Random Forest: A Study Guide with Mathematical and Coding
Representation
1. Introduction to Random Forest
Definition
Random Forest is an ensemble learning technique that extends
Bagging (Bootstrap Aggregation) by adding feature
randomness in addition to data randomness. It trains multiple decision
trees on different bootstrapped samples of the dataset and combines
their predictions for improved performance and stability.
Random Forest is widely used for both classification
and regression tasks due to its robustness, ability to
handle missing data, and resistance to overfitting.

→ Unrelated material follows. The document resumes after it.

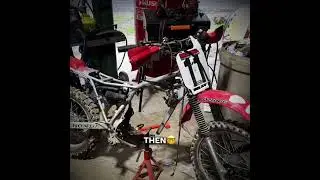 The bikes running great! #honda #builtnotbought #redrider #xr100 #hondapower #motocross @Honda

2. Mathematical Representation of Random
Forest
Random Forest works by training multiple decision trees and
aggregating their outputs using:
- Bootstrap Sampling:
- Given a dataset \(D\) with \(N\) samples, multiple subsets \(D_b\) are created by randomly sampling
with replacement.
- Each subset is used to train an individual decision tree.
- Feature Randomness:
- Instead of considering all features at each split, only a
random subset of features is considered.
- Final Prediction:
- For Regression: The final prediction is the
average of all tree outputs: \[
F(x) = \frac{1}{B} \sum_{b=1}^{B} f_b(x)
\]
- For Classification: The final prediction is the
majority vote among all trees: \[
F(x) = \text{mode} \{ f_b(x) \}
\]
where: - \(B\) is the total number
of trees in the forest - \(f_b(x)\) is
the prediction from the \(b\)-th
tree
By introducing randomness at both data and
feature levels, Random Forest reduces variance while
maintaining accuracy.
3. Random Forest in Decision Trees
- Bootstrap Sample Creation: Each tree is trained on
a different randomly sampled subset.
- Feature Selection: At each split, a random
subset of features is considered instead of all features.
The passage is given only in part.